O diferencial da pesquisa são as estratégias educativas traçadas para adesão ao tratamento da tuberculose, definidas a partir das respostas destes pacientes. “O paciente participou do processo educativo, houve o que chamamos de construção e democratização do saber. Hoje na sala de espera estamos fazendo atividades enquanto os pacientes, acompanhados ou não com seus familiares, aguardam o atendimento médico, utilizando uma abordagem construtivista, problematizando as questões relatadas e abrindo espaço para os pacientes falarem. Durante a consulta de adesão e da sala de espera utilizamos como recurso visual e simbólico alguns comprimidos e cápsulas que fazem parte do tratamento da tuberculose, material didático mostrando os pulmões acometidos pela doença com a intenção de tirar as dúvidas e discutir os potenciais problemas decorrentes do abandono de tratamento”, diz Simone, que ratifica que por atenderem pacientes com infecção por tuberculose e HIV é fundamental que o profissional faça educação em saúde para proteger e prevenir o desenvolvimento de doenças e outros agravos à saúde do paciente.


Conheça mais sobre a doença


A tuberculose é uma doença infecciosa causada pelo Mycobacterium tuberculosis e a transmissão pode ocorrer por três formas: inalação de aerossóis que contenham o bacilo, ingestão de alimentos contaminados e por inoculação direta.  A doença é ainda um grave problema de saúde pública no Brasil e tem chamado a atenção de países desenvolvidos, já que o abandono do tratamento da tuberculose favorece o desenvolvimento de bacilos multirresistentes. Isso torna a terapia mais complexa e mais longa com o emprego de um número maior de drogas, e que conseqüentemente aumentam os efeitos adversos e favorecem a falta de estímulo desses indivíduos para levar o tratamento até o fim.


 Colônias de <EM>Mycobacterium tuberculosis</EM> (Foto: Wikipedia)

Colônias de Mycobacterium tuberculosis (Foto: Wikipedia)


A pessoa com tuberculose pode apresentar tosse com ou sem expectoração, emagrecimento, perda de apetite, sintomas mais comuns da doença. Quando tosse pode eliminar no ar milhares de partículas infectantes, pois o bacilo é transmitido por via aérea, que permanece em suspensão, aumentando as chances de uma pessoa se infectar. Normalmente de 15 a 30 dias após o início do tratamento, o paciente deixa de transmitir a doença. Geralmente, os sintomas como tosse crônica, febre, suor noturno, dor no tórax, perda de peso e adinamia (pessoa sem disposição para nada) desaparecem nos primeiros meses de tratamento.

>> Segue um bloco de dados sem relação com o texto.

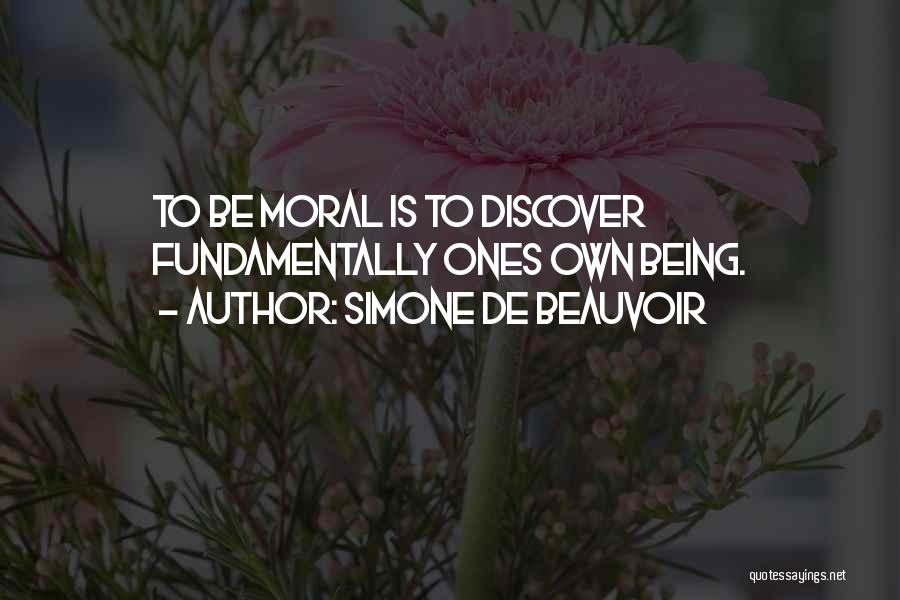 Simone De Beauvoir Quotes: To Be Moral Is To Discover Fundamentally Ones Own Being.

O Instituto de Pesquisa Clínica Evandro Chagas (Ipec) é uma unidade da Fiocruz que presta assistência aos pacientes com doenças infecciosas. O Programa de Tuberculose tem como coordenadora Valéria Cavalcanti Rolla, desde 1999. De acordo com os dados da Vigilância Epidemiológica da unidade, em 2006 foram notificados 103 casos confirmados da doença, em um total no município do Rio de Janeiro de 6.856 casos no mesmo ano.